EXERCISE OBJECTIVE:
When you reach the line containing "Appeville Annebault 27290", begin reproducing the material exactly, stop after the line containing "100% brand new", and leave out any pictures along the way.

DATA SUPPLIED:

============================================================

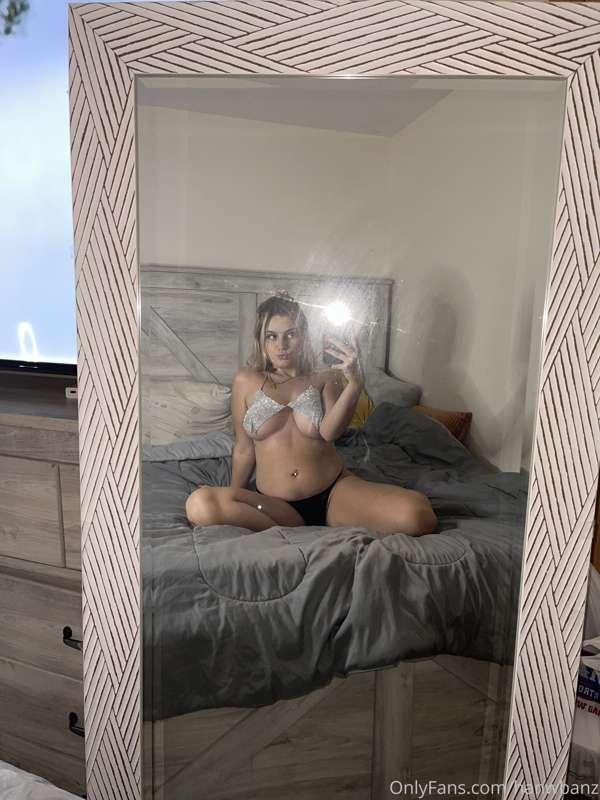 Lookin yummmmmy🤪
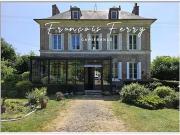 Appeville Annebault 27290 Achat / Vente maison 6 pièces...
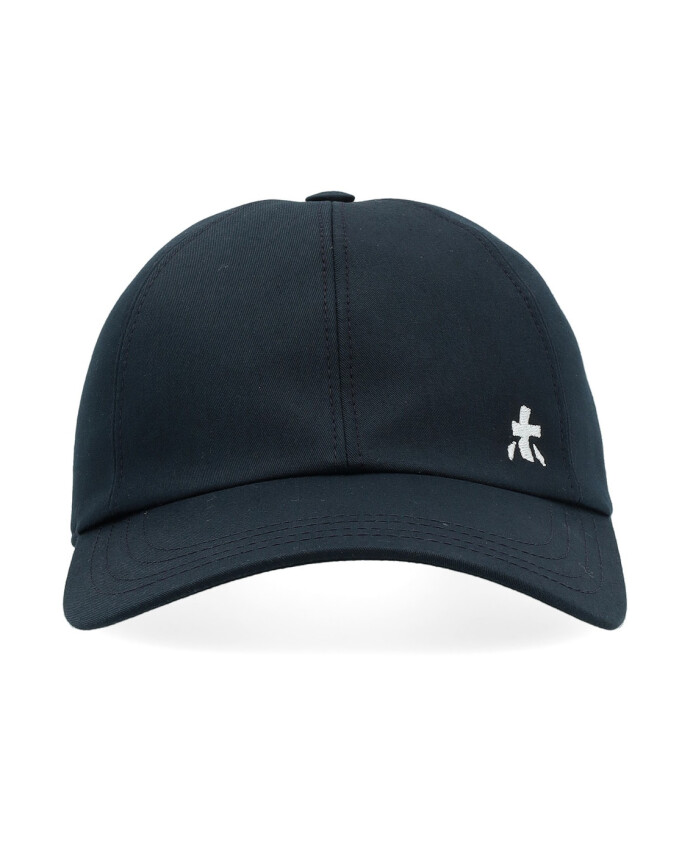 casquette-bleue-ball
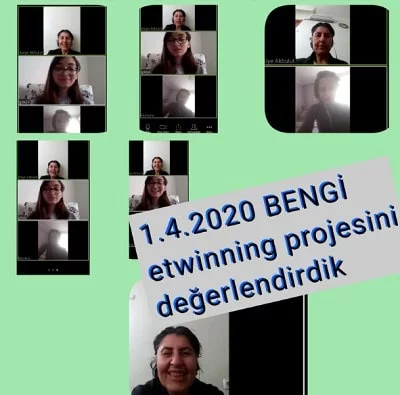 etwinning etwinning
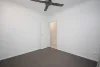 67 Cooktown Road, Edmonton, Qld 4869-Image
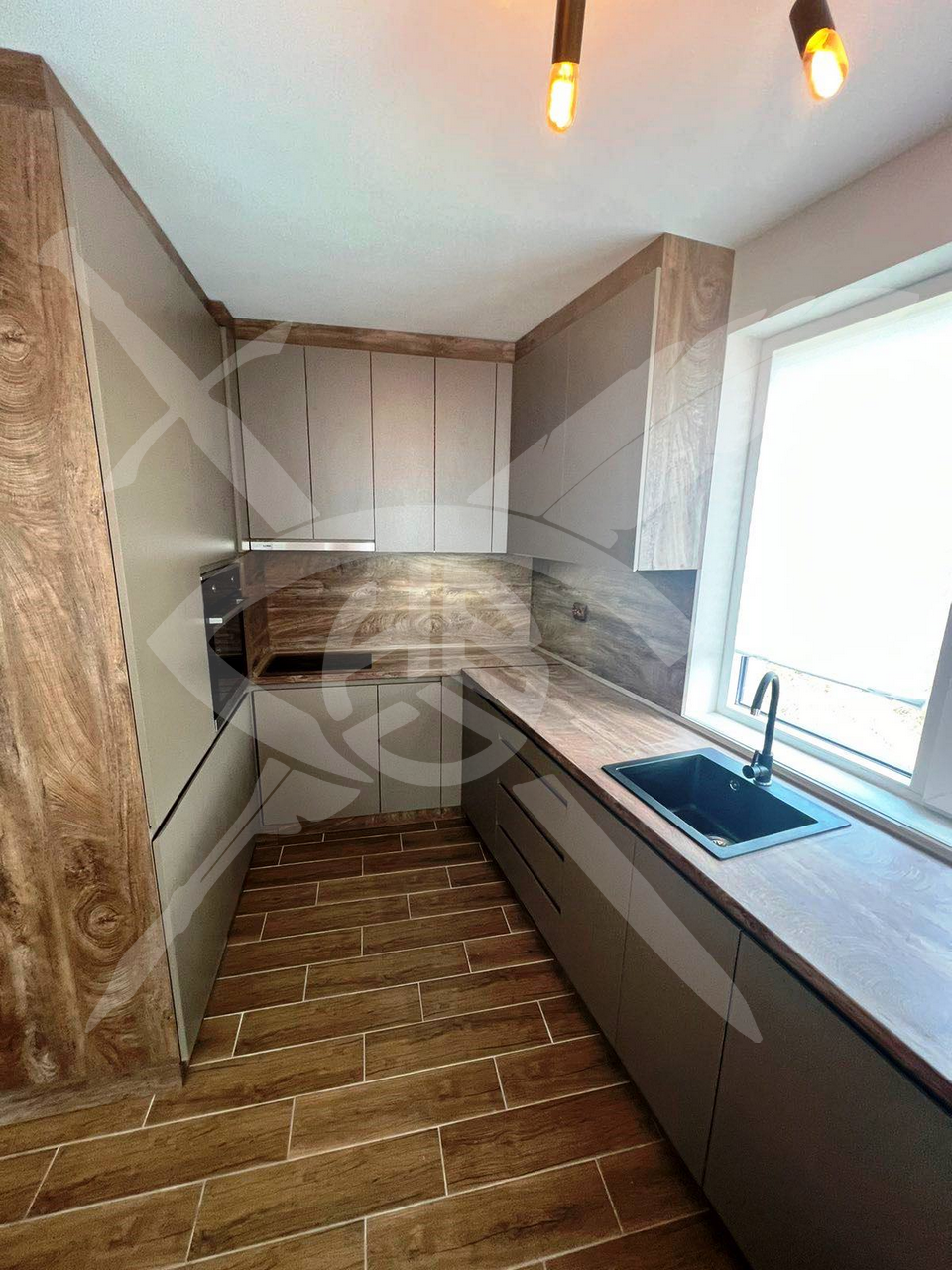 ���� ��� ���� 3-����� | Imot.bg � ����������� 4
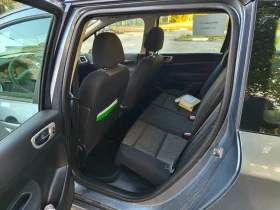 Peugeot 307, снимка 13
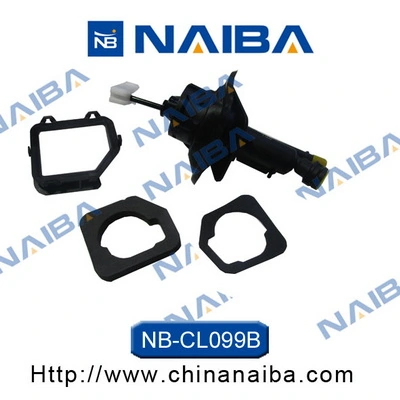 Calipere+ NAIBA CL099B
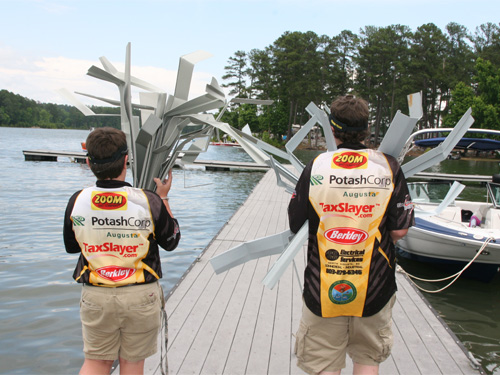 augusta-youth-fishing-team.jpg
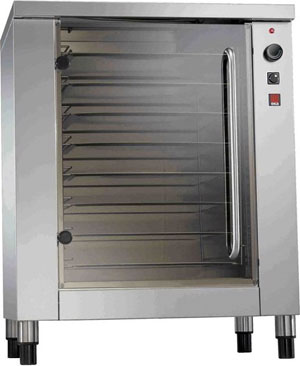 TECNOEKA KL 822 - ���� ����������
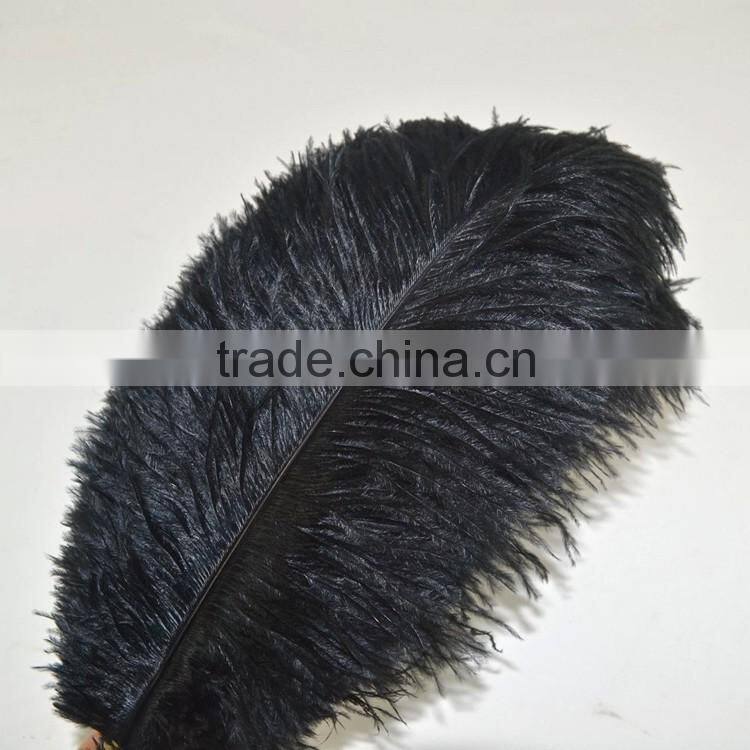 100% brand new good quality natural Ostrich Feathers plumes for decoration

============================================================

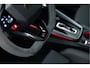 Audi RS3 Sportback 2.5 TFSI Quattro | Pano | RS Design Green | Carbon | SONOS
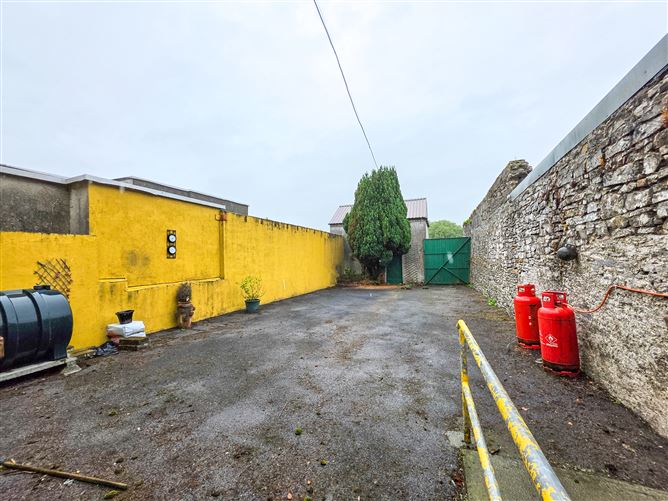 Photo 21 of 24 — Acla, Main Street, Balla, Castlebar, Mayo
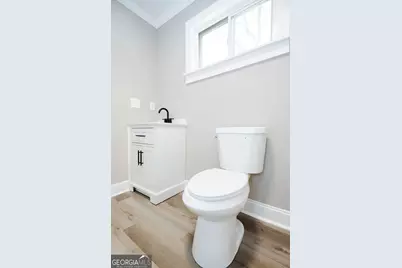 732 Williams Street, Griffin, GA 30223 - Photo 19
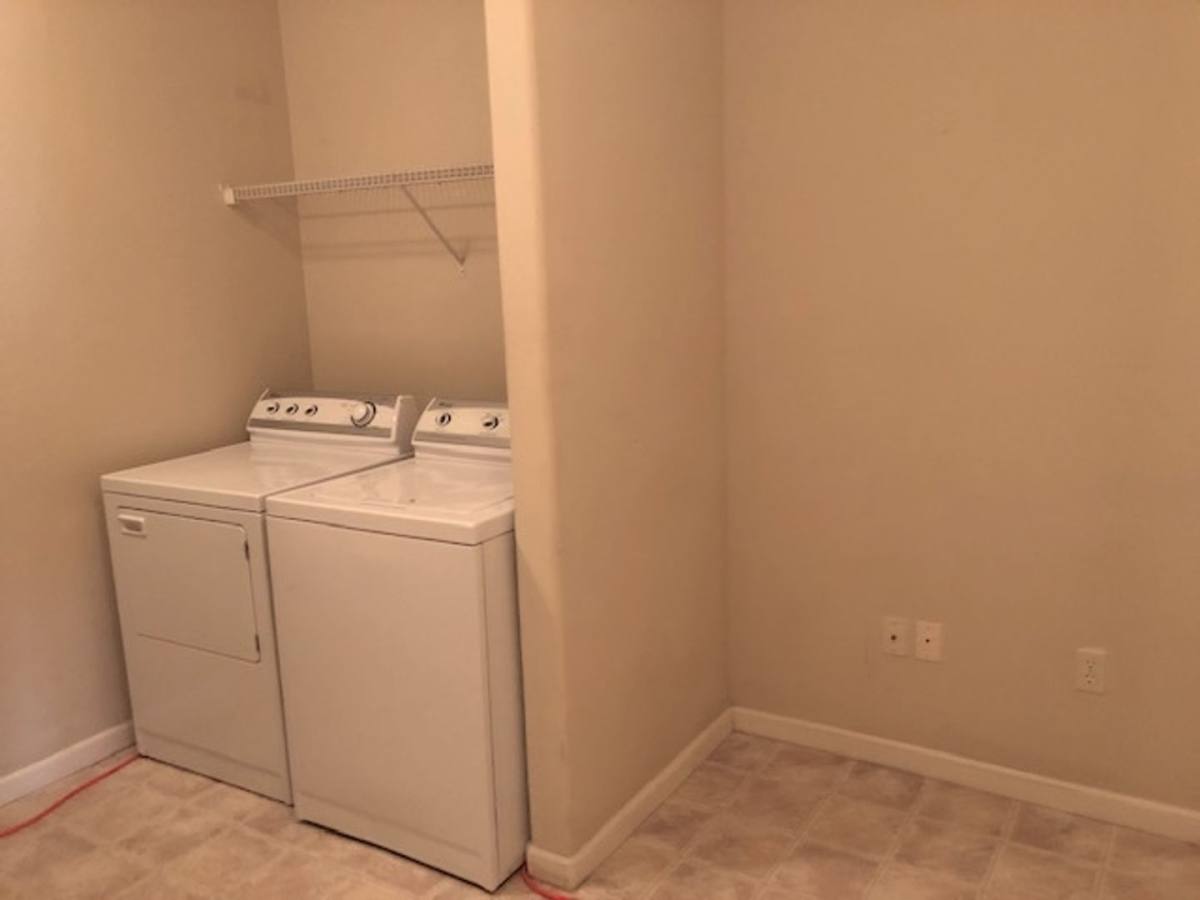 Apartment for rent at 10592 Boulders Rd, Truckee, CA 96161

============================================================

SOLUTION TO THIS PROBLEM:
 Appeville Annebault 27290 Achat / Vente maison 6 pièces...
 casquette-bleue-ball
 etwinning etwinning
 67 Cooktown Road, Edmonton, Qld 4869-Image
 ���� ��� ���� 3-����� | Imot.bg � ����������� 4
 Peugeot 307, снимка 13
 Calipere+ NAIBA CL099B
 augusta-youth-fishing-team.jpg
 TECNOEKA KL 822 - ���� ����������
 100% brand new good quality natural Ostrich Feathers plumes for decoration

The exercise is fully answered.